Here comes the importance of the secular interested who are neither with Bush, nor with the terrorists. They are for international peace and security that protect all and favor none. Terrorism should not be tolerated. Nor should it be defined only by those who see their mission as a “crusade.”

The abundant ignorance of numerous TV pundits, in America and abroad, is not surprising at all. One needs to mention the “spectacular” Gulf War and the celebrated bewildering state terrorism that accompanies it. But are the events of 11 September 2001 really surprising? Asked differently, can these events be understood without contextualizing them? A day after the attack, one of the American guests on a famous South African radio program, the Tim Modise Show, claimed that American adventures overseas amount to “misunderstanding” and ignorance of other cultures, whereas the terrorist attacks on the World Trade Center and the Pentagon are malicious.

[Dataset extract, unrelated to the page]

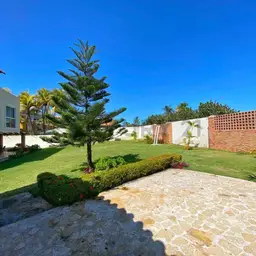 Vista 2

Prior to the disaster that befell America, President Bush had decided to restart the missile defense program. And he was adamant not to intervene and try to put an end to the Israeli aggression in Palestine — a just peace in the Middle East seems so slippery, and the sole superpower just shrugged its shoulders. If a “great power” such as the US decides to withdraw from one of the most important conferences taking place in the 21st century, namely the World Conference Against Racism in Durban, because of the conference”s desire to support the Palestinian people and to discuss reparation for those who suffered from slavery, it becomes obvious, then, that anxiety, anger and uncertainty are to prevail. As many intellectuals have argued, the Durban Conference was a very serious missed opportunity for the US to rethink it role in the new millennium.

The only solution is not war, but rather a serious, comprehensive attempt on the part of the American government to put it off, and fight all forms of fundamentalism and terrorism by creating better conditions for those whose lives have become indistinguishable from their deaths. Will Bush, or his successor, ever try to understand it? I very much doubt it.

Haidar Eid is Associate Professor in Cultural Studies at Al-Aqsa University in occupied Gaza.